*** Opening RECORDS SUPPLIED ***
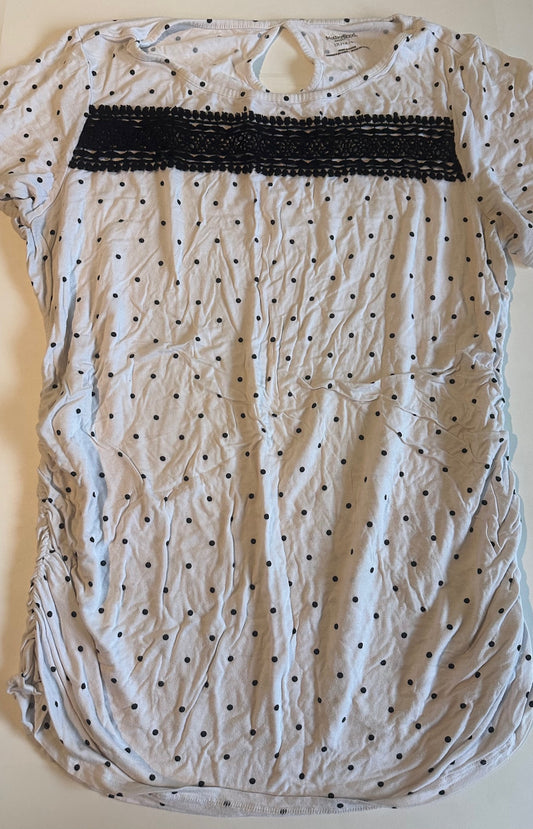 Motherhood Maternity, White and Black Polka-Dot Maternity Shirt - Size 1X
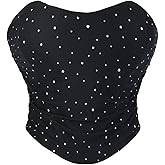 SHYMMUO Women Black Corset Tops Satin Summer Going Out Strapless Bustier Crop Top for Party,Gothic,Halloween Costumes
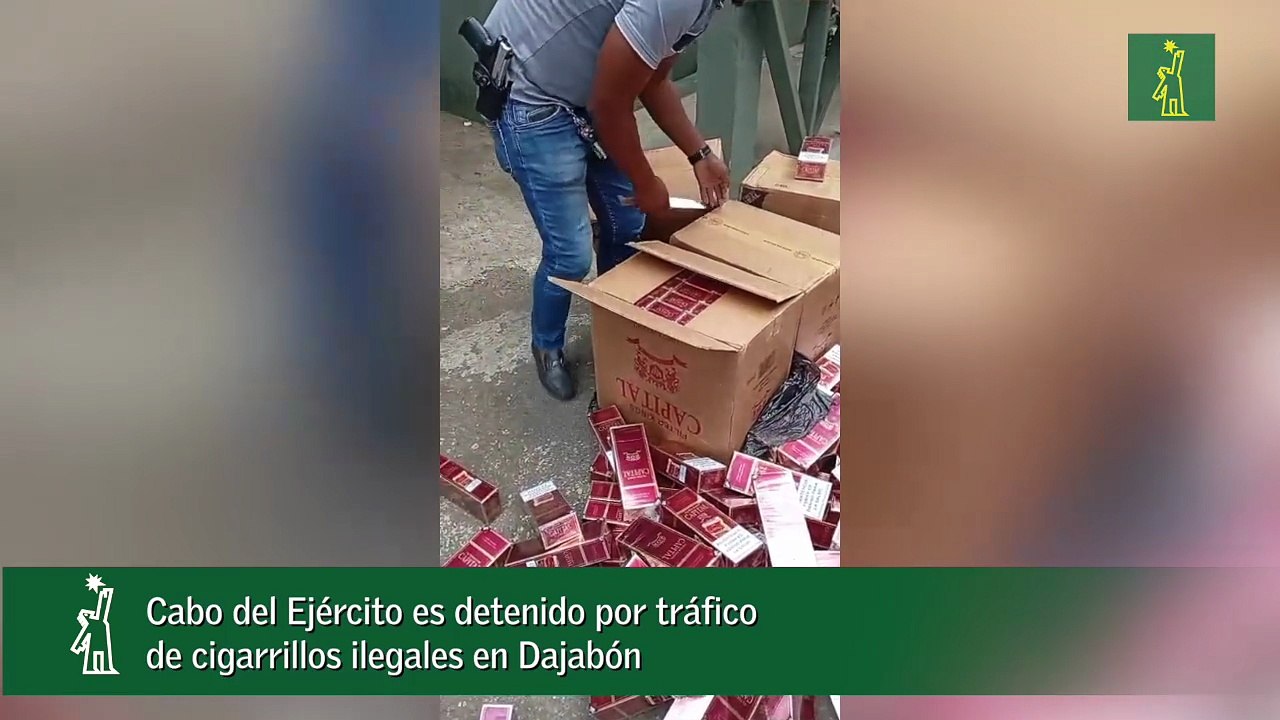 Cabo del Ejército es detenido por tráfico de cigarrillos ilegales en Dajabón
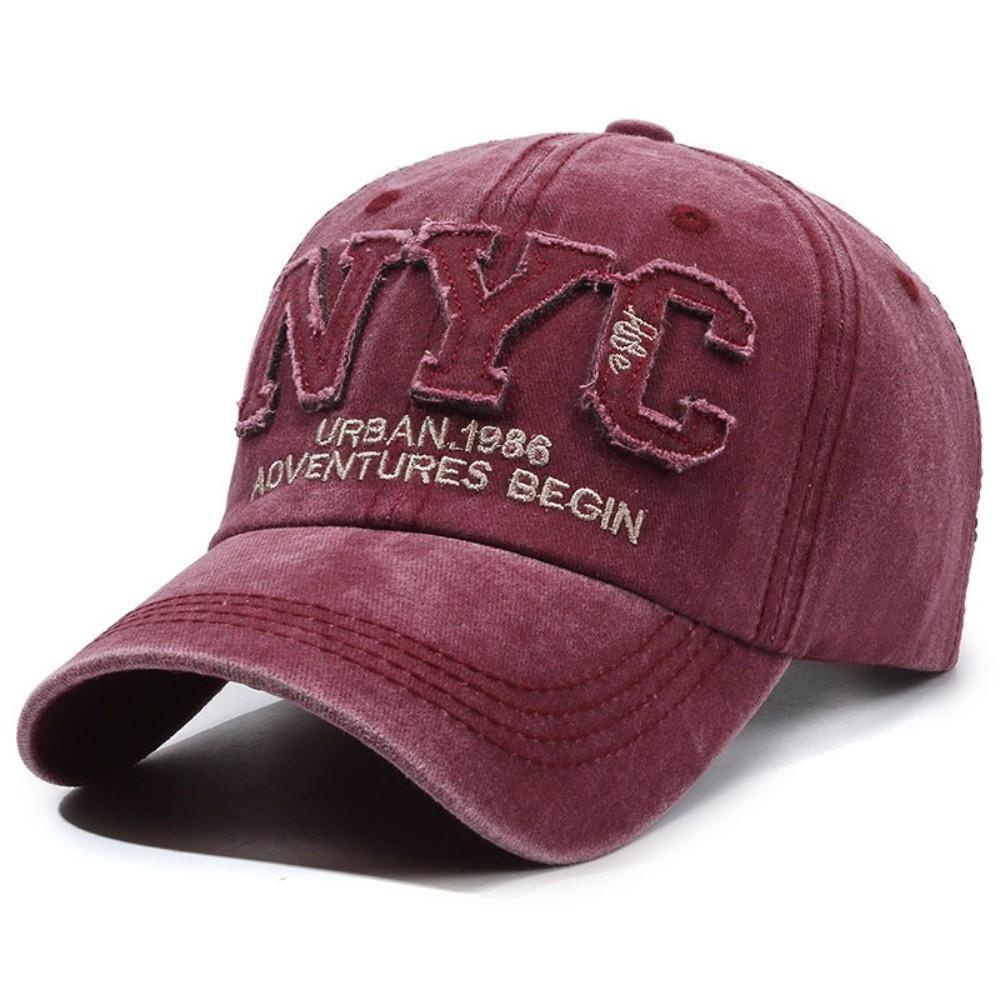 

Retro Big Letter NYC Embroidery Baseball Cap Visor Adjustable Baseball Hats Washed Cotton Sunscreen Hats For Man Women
*** Closing RECORDS SUPPLIED ***
*** Opening RECORDS SUPPLIED ***
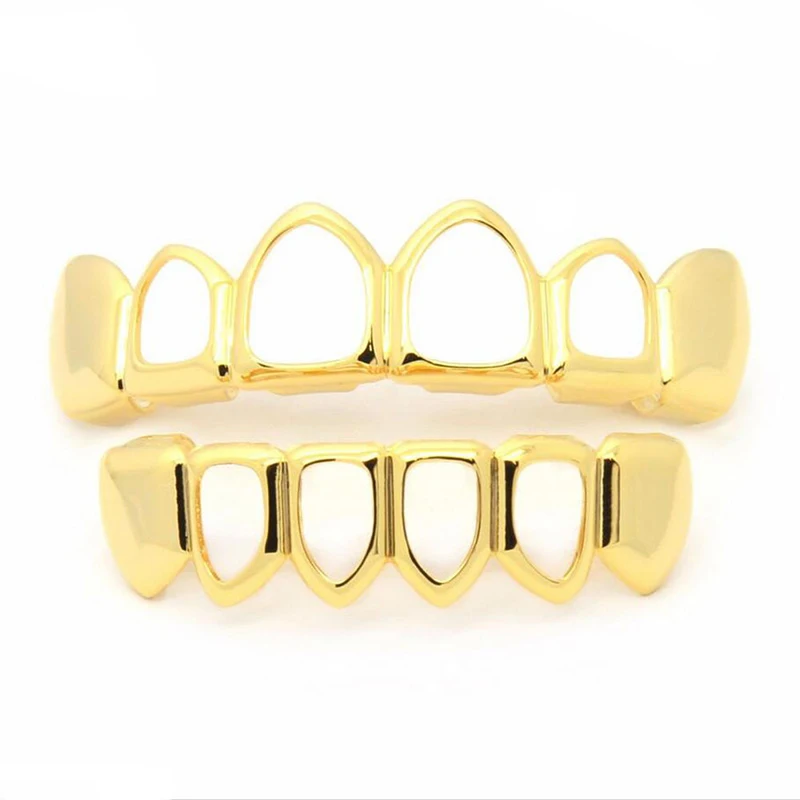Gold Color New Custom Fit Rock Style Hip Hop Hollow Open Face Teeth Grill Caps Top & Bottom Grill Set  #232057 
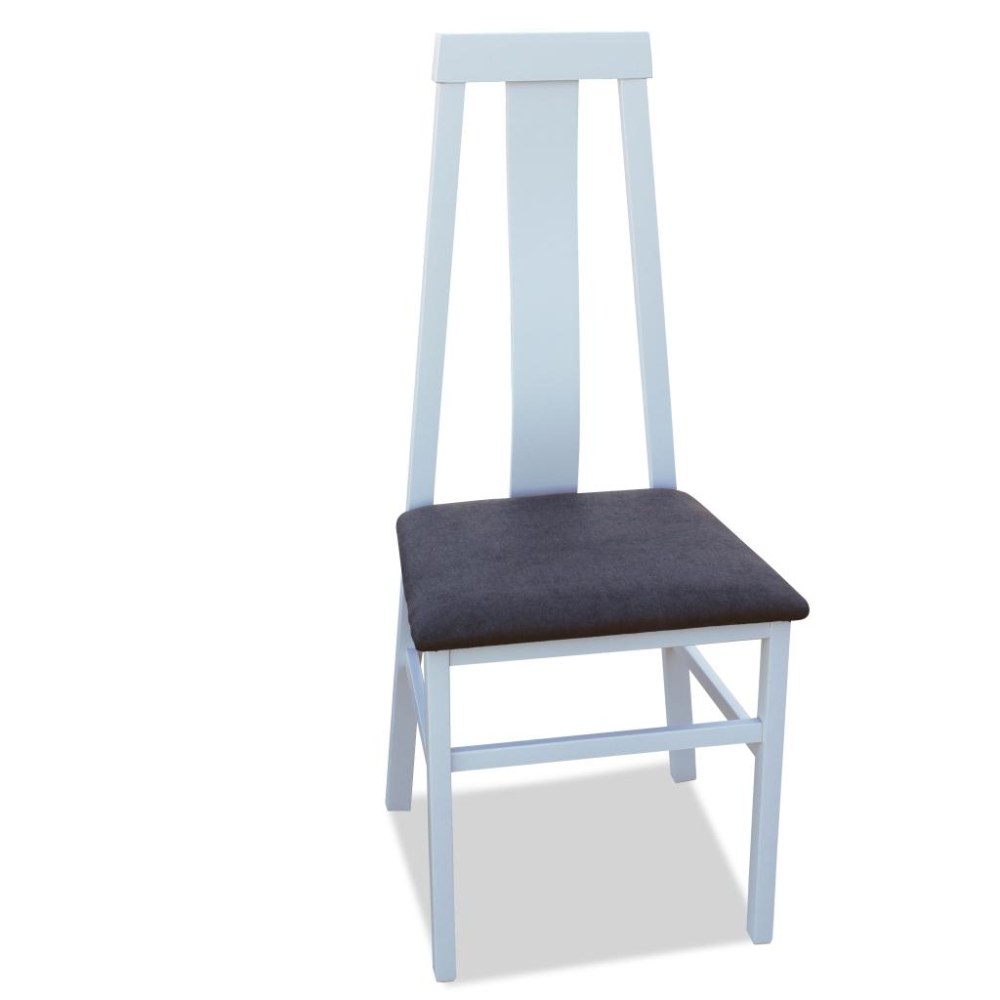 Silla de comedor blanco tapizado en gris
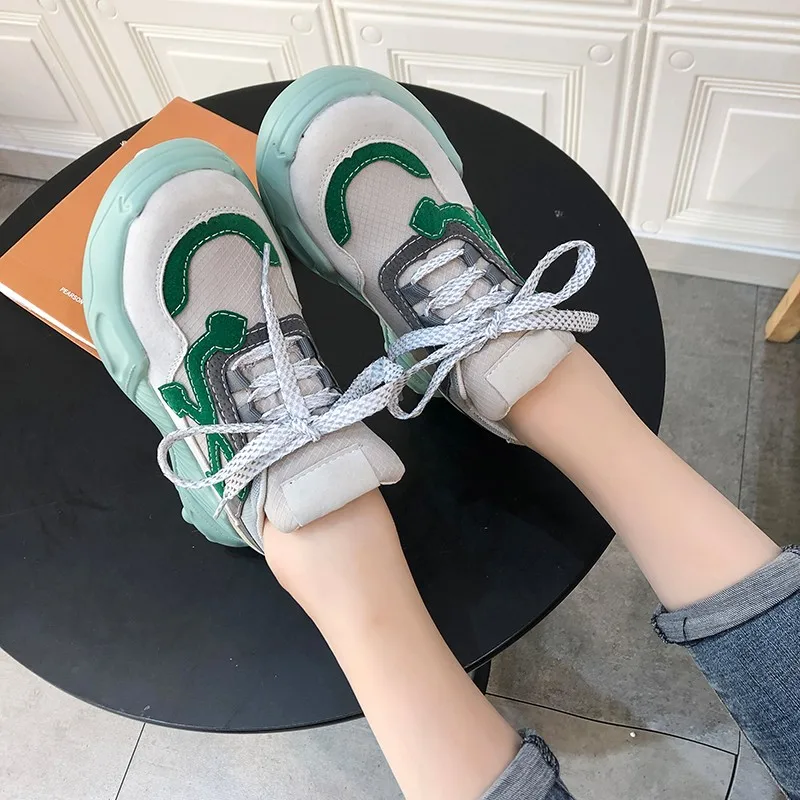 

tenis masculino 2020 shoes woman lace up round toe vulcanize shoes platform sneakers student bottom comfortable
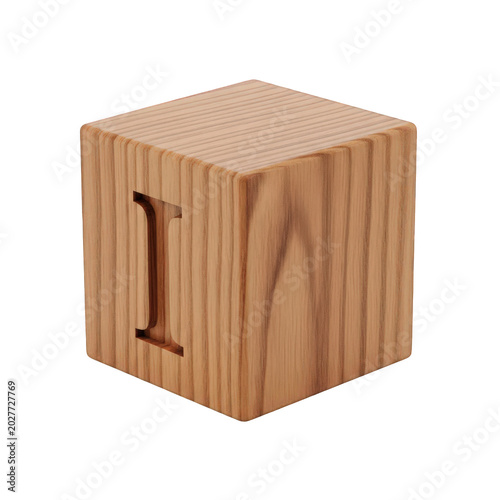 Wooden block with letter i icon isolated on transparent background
*** Closing RECORDS SUPPLIED ***
*** Opening RECORDS SUPPLIED ***
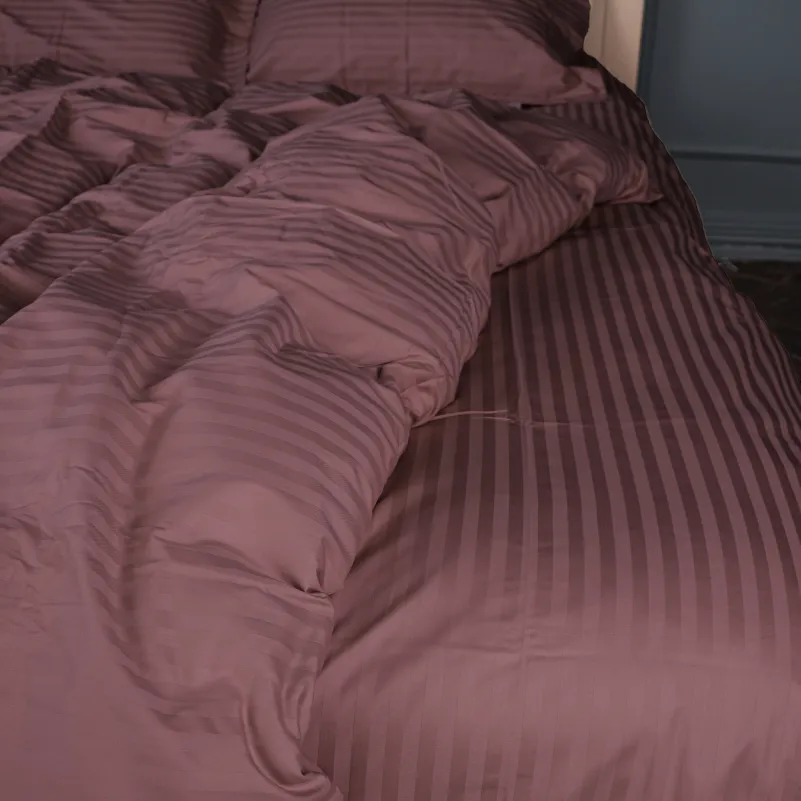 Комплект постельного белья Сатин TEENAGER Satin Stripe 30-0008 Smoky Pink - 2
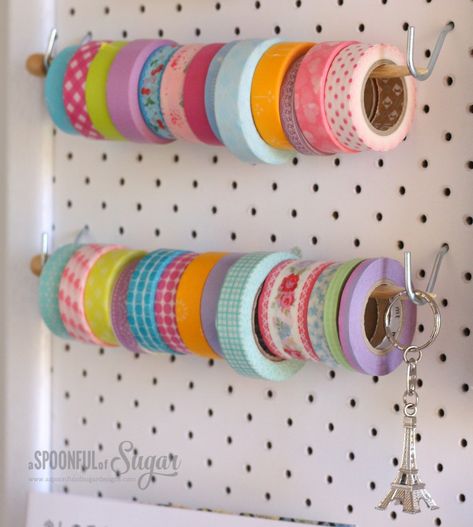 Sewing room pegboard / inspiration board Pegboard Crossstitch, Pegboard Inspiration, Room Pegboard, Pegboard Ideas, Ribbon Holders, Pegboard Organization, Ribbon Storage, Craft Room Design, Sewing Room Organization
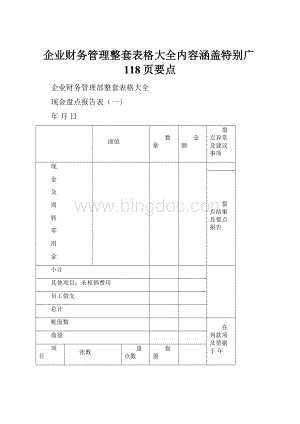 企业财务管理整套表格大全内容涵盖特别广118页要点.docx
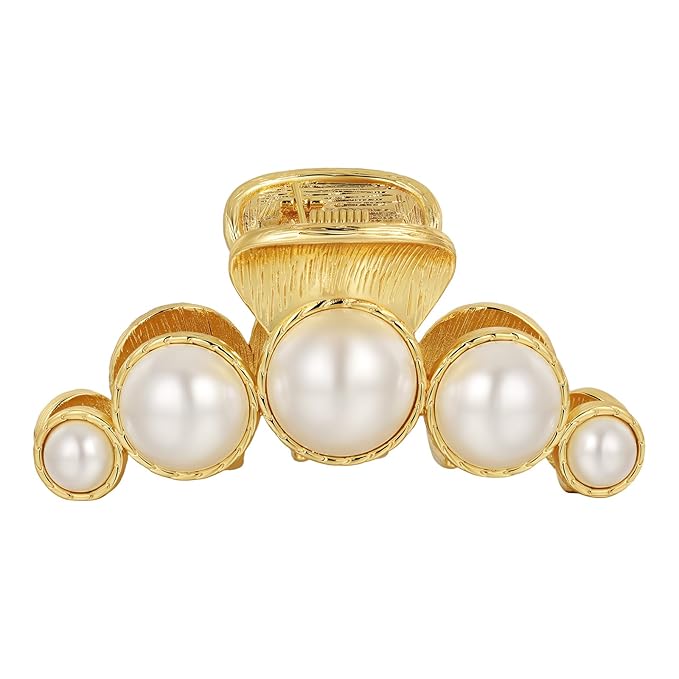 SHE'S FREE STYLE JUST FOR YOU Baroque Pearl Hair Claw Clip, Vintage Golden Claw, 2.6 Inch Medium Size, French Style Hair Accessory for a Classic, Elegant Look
*** Closing RECORDS SUPPLIED ***
WHAT THIS TASK INVOLVES:
Range to print from the listing above: from the line with "Motherhood Maternity, White" up to and including the line with "Retro Big Letter". Please print those lines exactly, with no pictures and nothing more.

SOLVED EXERCISE:
 Motherhood Maternity, White and Black Polka-Dot Maternity Shirt - Size 1X
 SHYMMUO Women Black Corset Tops Satin Summer Going Out Strapless Bustier Crop Top for Party,Gothic,Halloween Costumes
 Cabo del Ejército es detenido por tráfico de cigarrillos ilegales en Dajabón

Retro Big Letter NYC Embroidery Baseball Cap Visor Adjustable Baseball Hats Washed Cotton Sunscreen Hats For Man Women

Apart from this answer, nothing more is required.